Lol, I work in the airline industry (or I did, up until a month ago).
If you wanted to go full-out on the object-oriented design (which is probably what you should do, since this is java), consider that the first step in outline a problem statement is locating the nouns. Your nouns will be your classes (most of the nouns, not all of them).
Step 1:
So, in your problem statement, your nouns are:
1. Seat
2. Airplane
3. First Class
4. Row
5. Economy Class
6. Passenger
Step 2:
There are a few others, but that seems to be most of it. Ok, now we look at our nouns. Some of them are not worth making classes out of. The problem statement says we need an Airplane class, so that is a must. To narrow down our nouns, let's look at their function. More importantly: what type of traits do these nouns have?
1. Seat - Has type (aisle, window, center). Has Passenger (sometimes).
2. Airplane - Has Seats. Has First Class. Has Economy Class. Has Passengers.

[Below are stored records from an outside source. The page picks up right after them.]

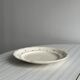 Vintage blue polka dot plate with scalloped edge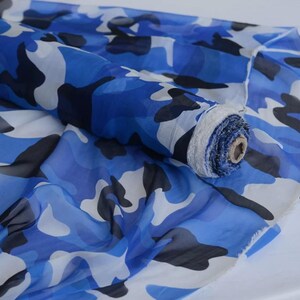 Puede incluir: Un rollo de tela semitransparente con un patrón de camuflaje en tonos azul real, azul claro, blanco y negro. El material está enrollado firmemente alrededor de un núcleo de cartón, con tela suelta drapeada debajo de forma fluida.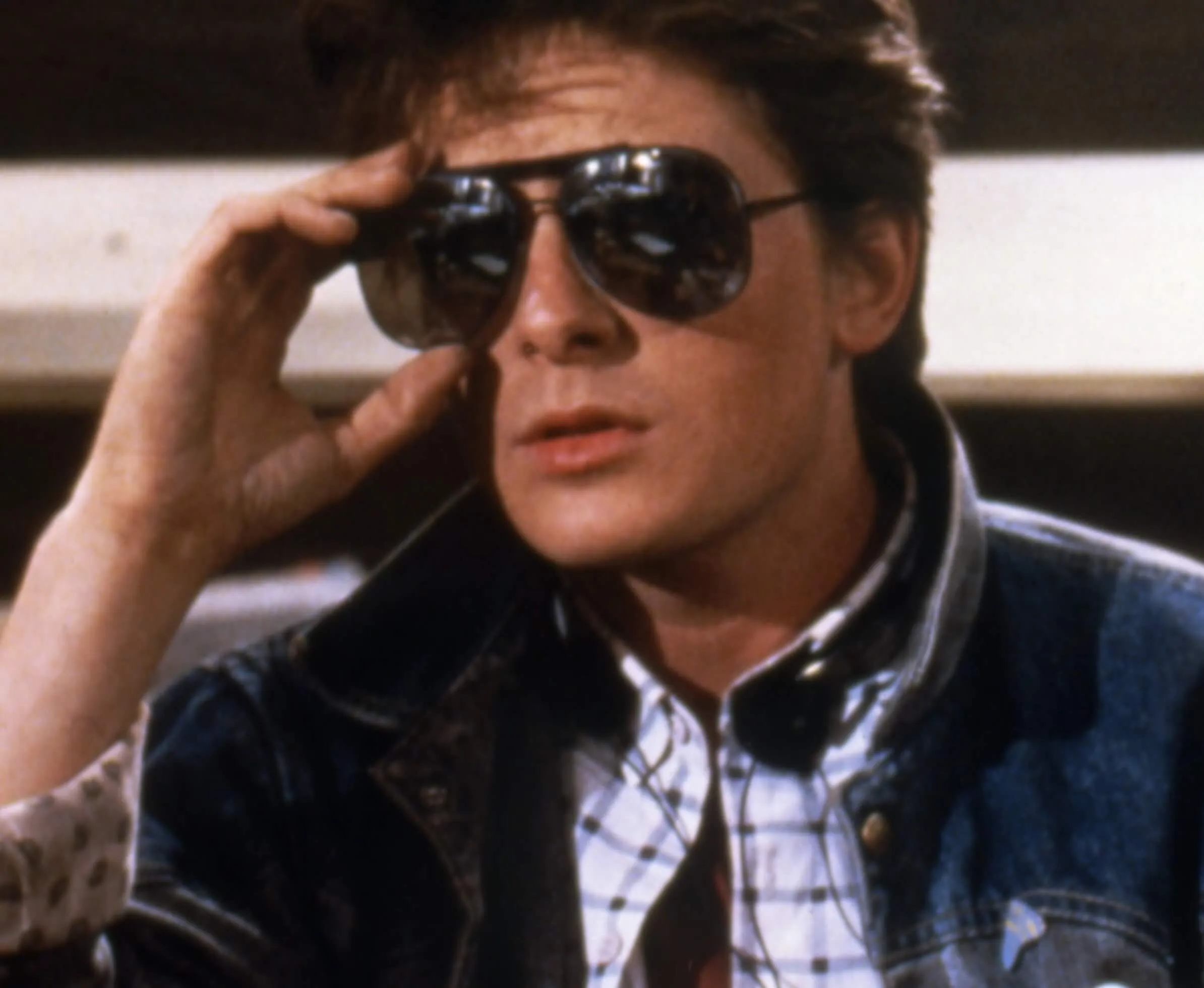 Michael J. Fox wearing sunglasses on the set of 'Back to the Future'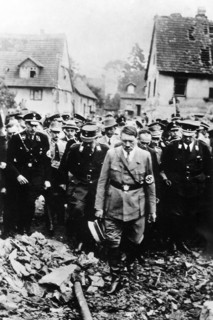 Adolf Hitler, accompanied by other German officials, grimly inspecting bomb damage in German city,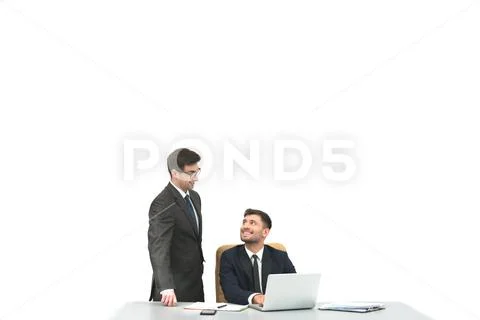 The two businessmen work at the desktop on the white background Stock Photos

3. First Class - Has 20 Seats. Has 5 Rows.
4. Row - Has Seats
5. Economy Class - Has 90 Seats. Has 15 Rows.
6. Passenger - Has Seat.
Step 3:
Now we have to look over our nouns and traits and determine the best way to organize it all. First Class and Economy Class both have seats and rows, and they are both used the same way. This is an indication that they should probably have a relationship of some kind (inheritance - they should both extend from the same object, perhaps a SeatingClass object or something). Now, SeatingClasses have Seats and Rows. Perhaps instead of having both, Rows could contain Seats, and SeatingClasses could contain Rows. Or, since rows serve no real purpose other than holding Seats, perhaps Seats should just contain an integer variable, referencing a row number, and we get rid of the Row object altogether. I'll do the latter here. Now, back to Airplane: since SeatingClasses now contain Seats (which know their respective row numbers), why should the Airplane also contain a list of Seats? Our Airplane contains SeatingClasses (FirstClass and EconomyClass), which each contains their respective Seat lists, so we already covered the airplane's seat trait transitively. Now, if a Seat object contains a Passenger (provided it has been assigned), there is also no reason for an airplane to contain a list of Passengers (we can get that from the seat assignments). A Passenger can have a seat, there is nothing wrong there. So the last thing is the traits for Seats. A Seat can be either an aisle seat, a window seat, or a center seat. There are no special differences between them from a design point of view, so there is no reason to create separate classes for them. Instead, the Seat class can contain a variable indicating what type of seat it is.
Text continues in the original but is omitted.